— ASSIGNMENT —
Transcribe only what runs from the line containing "Jingle All The" through the final line below, exactly, and leave every picture out.

— Image-caption web data —

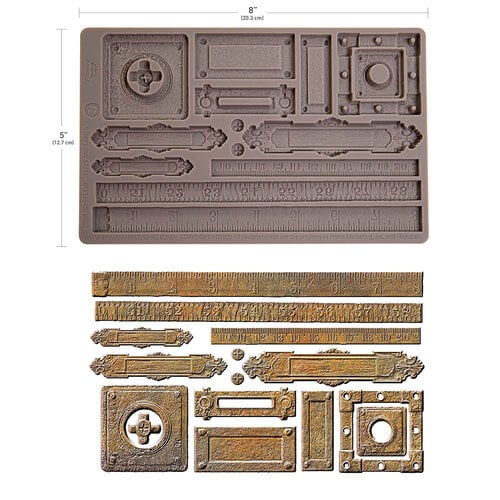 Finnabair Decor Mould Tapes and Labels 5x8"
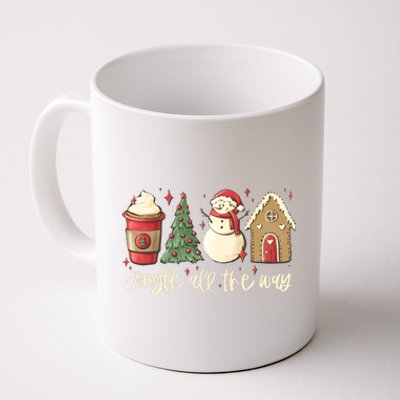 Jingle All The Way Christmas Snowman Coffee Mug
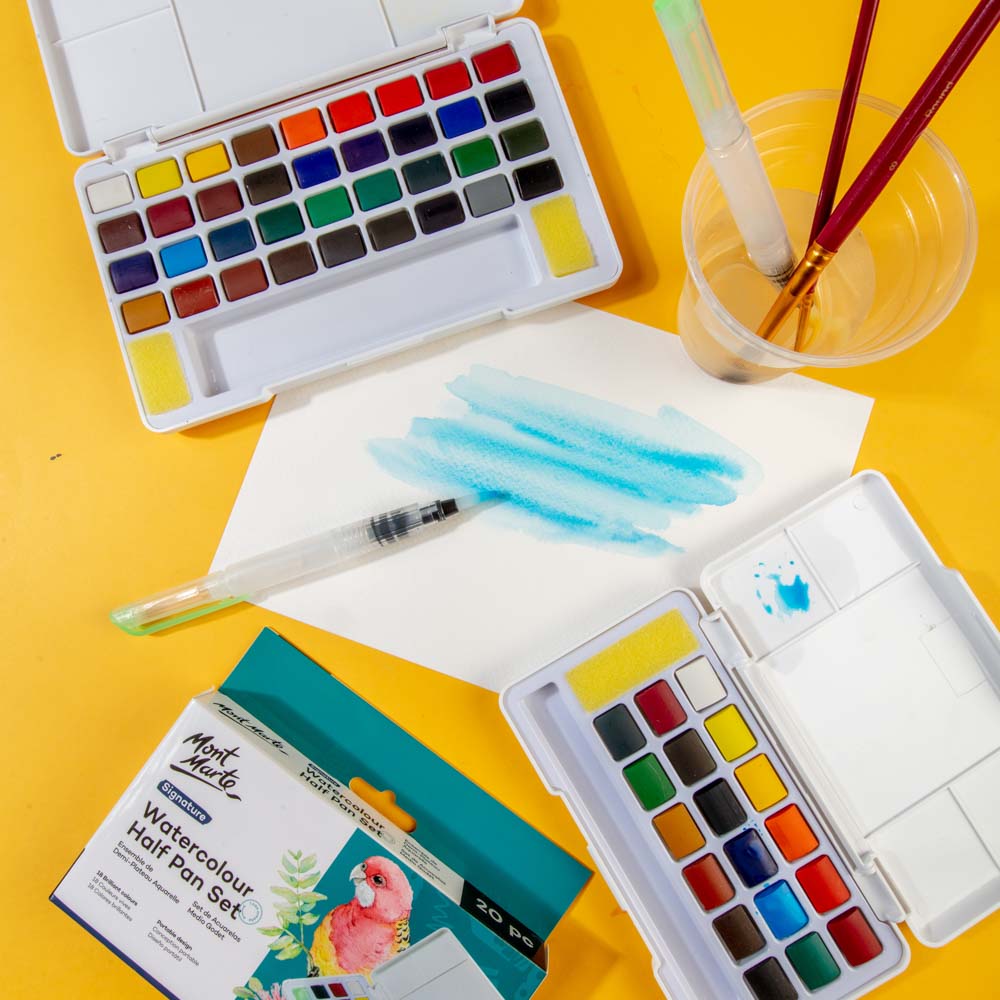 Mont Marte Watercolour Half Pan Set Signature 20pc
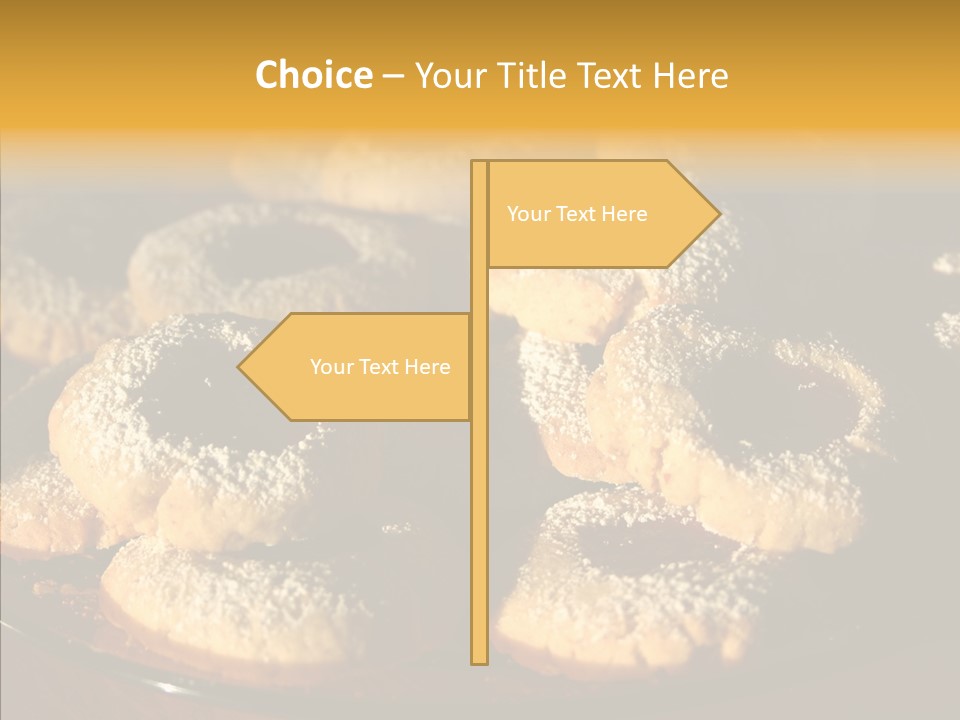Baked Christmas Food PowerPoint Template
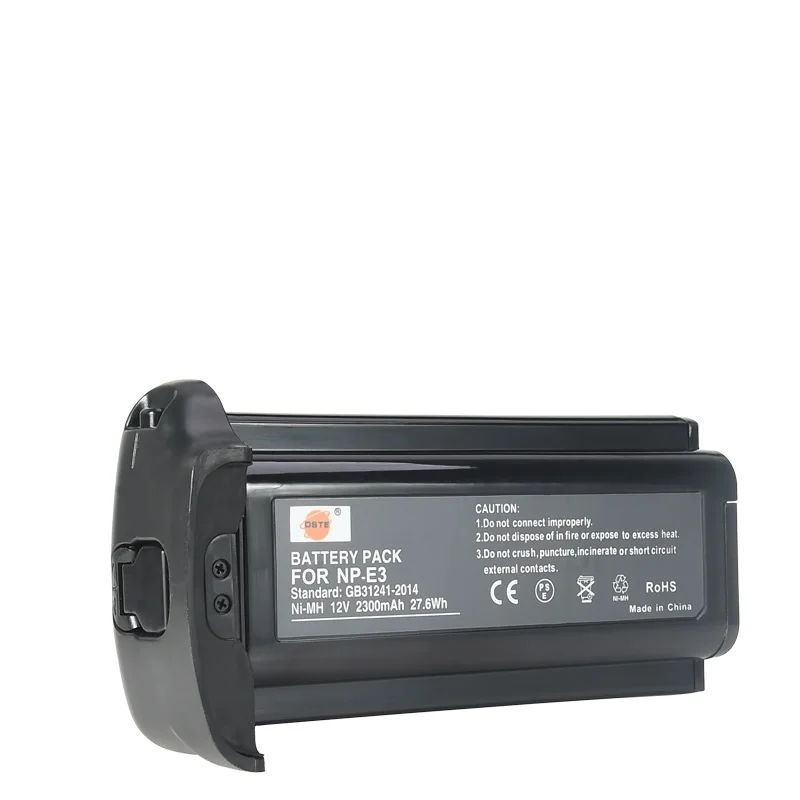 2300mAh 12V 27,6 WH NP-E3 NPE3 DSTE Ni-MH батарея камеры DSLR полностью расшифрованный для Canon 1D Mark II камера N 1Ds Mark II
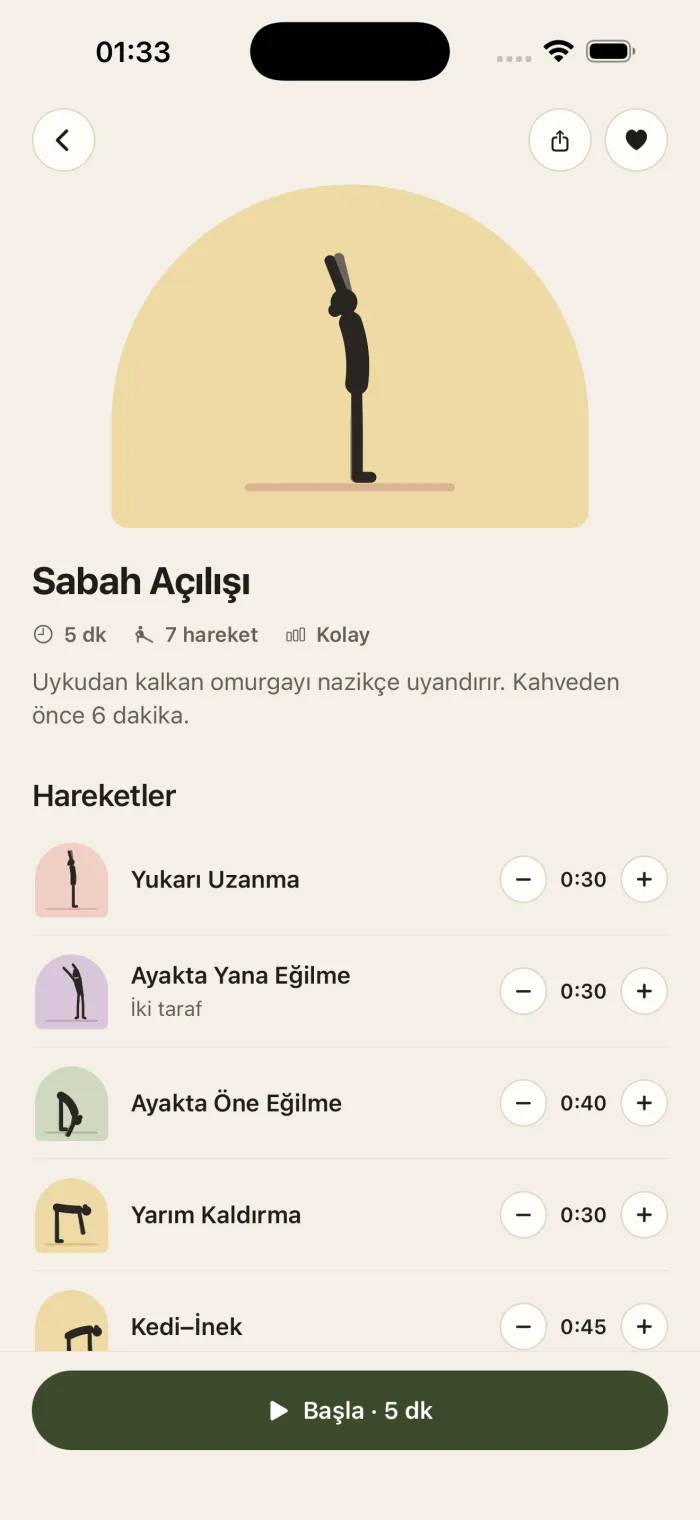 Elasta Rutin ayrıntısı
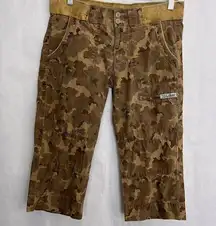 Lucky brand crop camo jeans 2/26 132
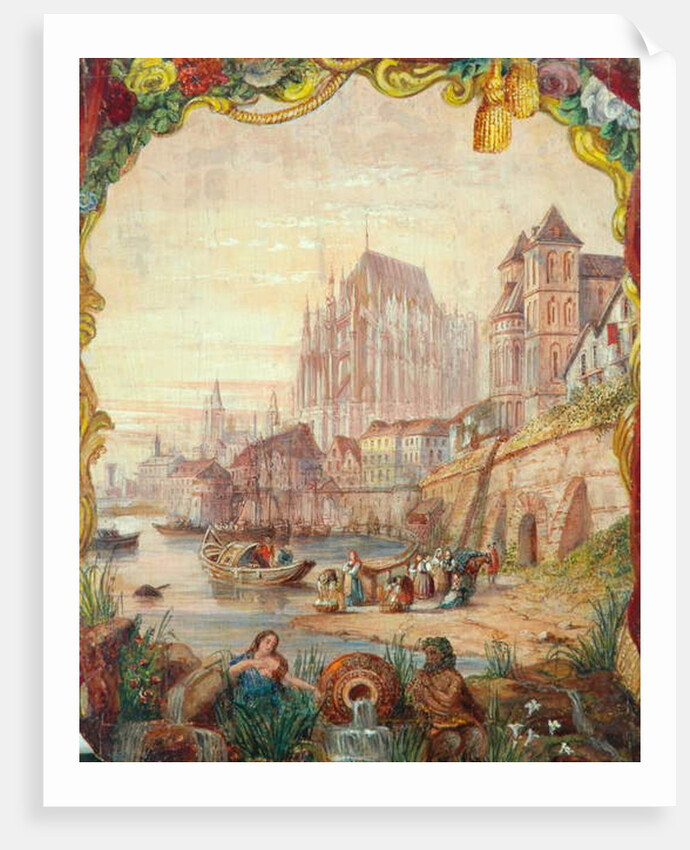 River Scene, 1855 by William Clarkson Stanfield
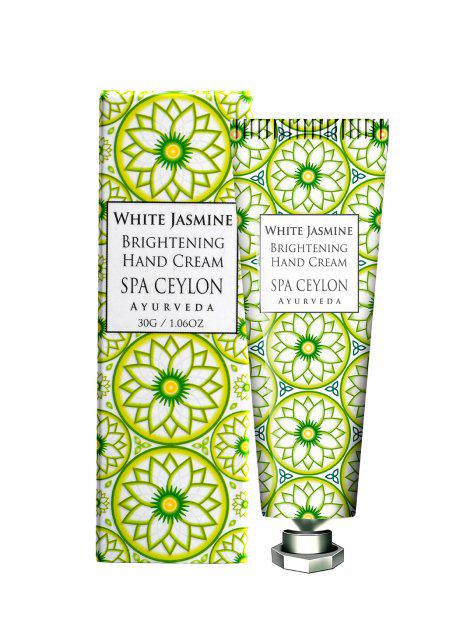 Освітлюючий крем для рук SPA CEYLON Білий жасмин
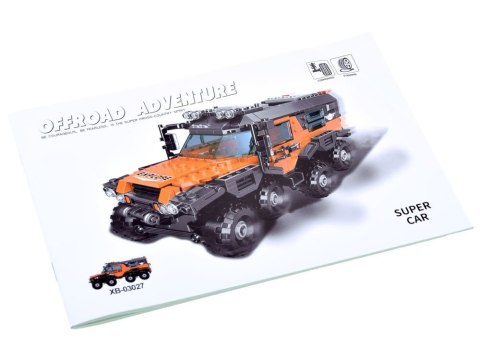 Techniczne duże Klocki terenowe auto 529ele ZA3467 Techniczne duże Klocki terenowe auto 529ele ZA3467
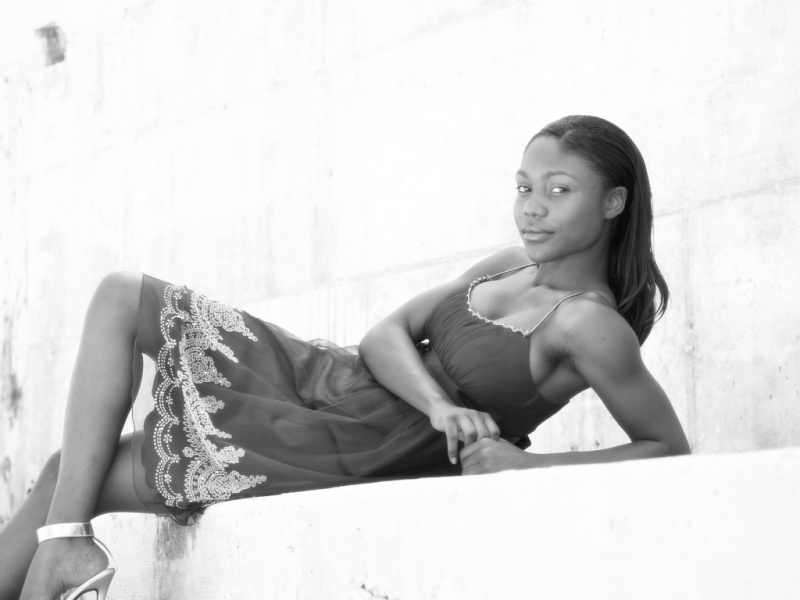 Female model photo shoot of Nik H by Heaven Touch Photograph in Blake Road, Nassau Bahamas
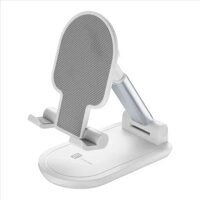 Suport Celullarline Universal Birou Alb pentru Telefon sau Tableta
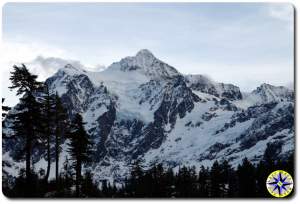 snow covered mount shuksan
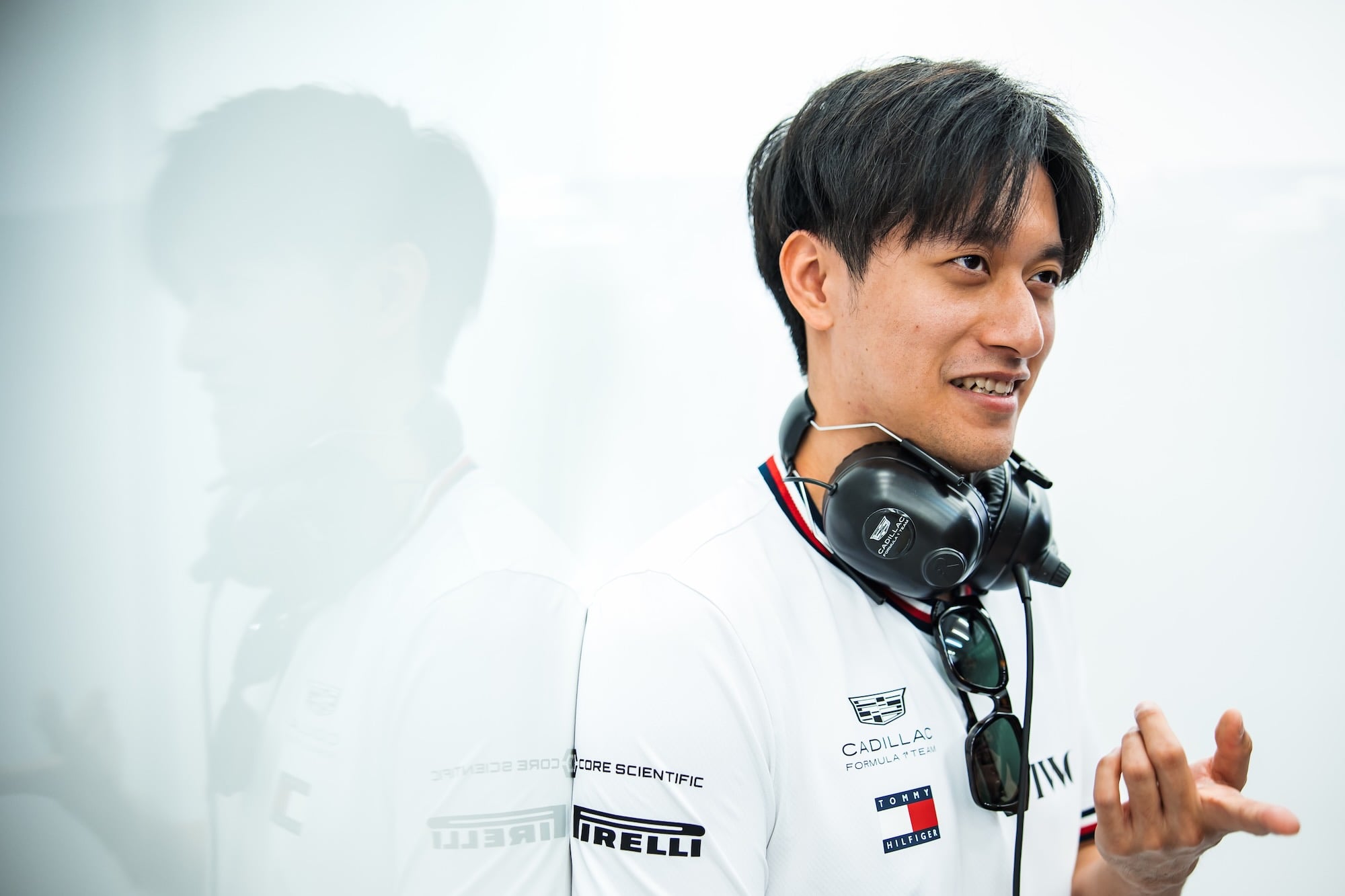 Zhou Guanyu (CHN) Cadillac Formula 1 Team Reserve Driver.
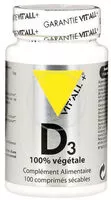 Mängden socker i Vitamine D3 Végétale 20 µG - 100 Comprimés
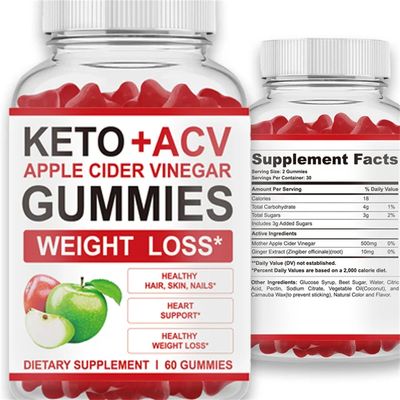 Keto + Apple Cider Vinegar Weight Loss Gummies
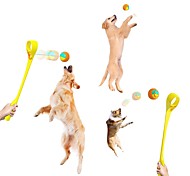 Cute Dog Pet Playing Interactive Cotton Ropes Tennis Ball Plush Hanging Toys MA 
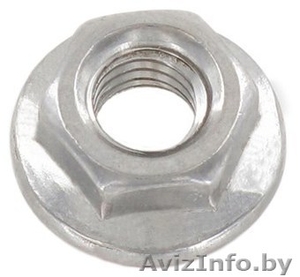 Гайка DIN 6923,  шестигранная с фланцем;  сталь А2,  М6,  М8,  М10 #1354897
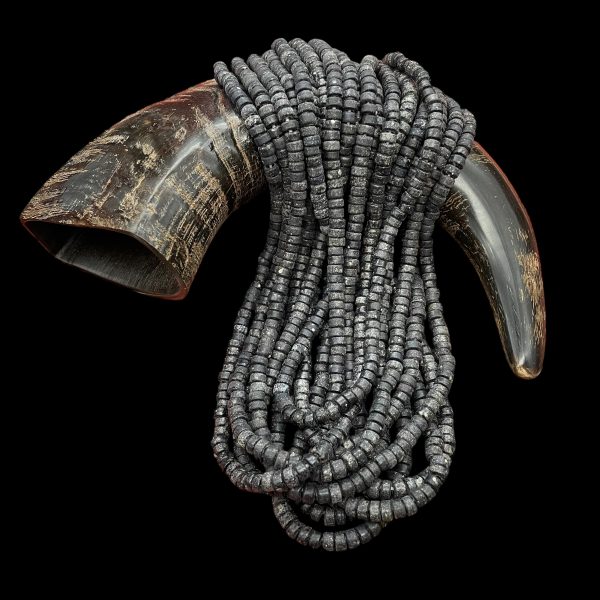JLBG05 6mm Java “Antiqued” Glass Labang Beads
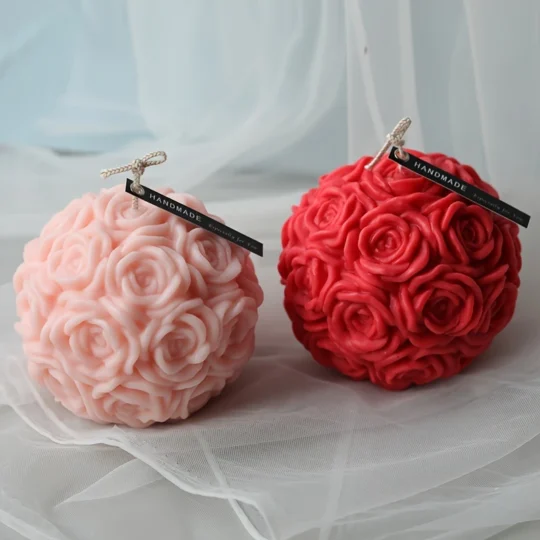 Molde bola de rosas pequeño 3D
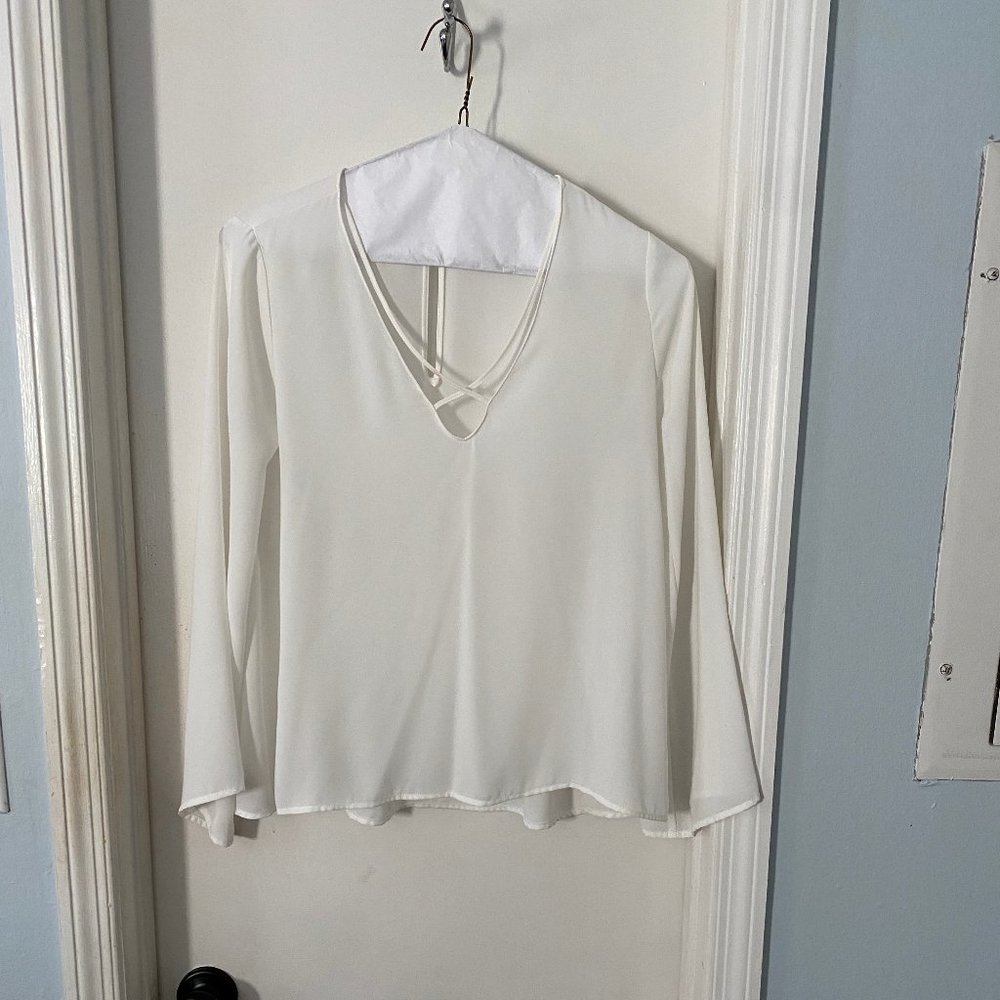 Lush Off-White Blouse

— RESPONSE TO THIS TASK —
 Jingle All The Way Christmas Snowman Coffee Mug
 Mont Marte Watercolour Half Pan Set Signature 20pc
Baked Christmas Food PowerPoint Template
 2300mAh 12V 27,6 WH NP-E3 NPE3 DSTE Ni-MH батарея камеры DSLR полностью расшифрованный для Canon 1D Mark II камера N 1Ds Mark II
 Elasta Rutin ayrıntısı
 Lucky brand crop camo jeans 2/26 132
 River Scene, 1855 by William Clarkson Stanfield
 Освітлюючий крем для рук SPA CEYLON Білий жасмин
 Techniczne duże Klocki terenowe auto 529ele ZA3467 Techniczne duże Klocki terenowe auto 529ele ZA3467
 Female model photo shoot of Nik H by Heaven Touch Photograph in Blake Road, Nassau Bahamas
 Suport Celullarline Universal Birou Alb pentru Telefon sau Tableta
 snow covered mount shuksan
 Zhou Guanyu (CHN) Cadillac Formula 1 Team Reserve Driver.
 Mängden socker i Vitamine D3 Végétale 20 µG - 100 Comprimés
 Keto + Apple Cider Vinegar Weight Loss Gummies
 Cute Dog Pet Playing Interactive Cotton Ropes Tennis Ball Plush Hanging Toys MA 
 Гайка DIN 6923,  шестигранная с фланцем;  сталь А2,  М6,  М8,  М10 #1354897
JLBG05 6mm Java “Antiqued” Glass Labang Beads
 Molde bola de rosas pequeño 3D
 Lush Off-White Blouse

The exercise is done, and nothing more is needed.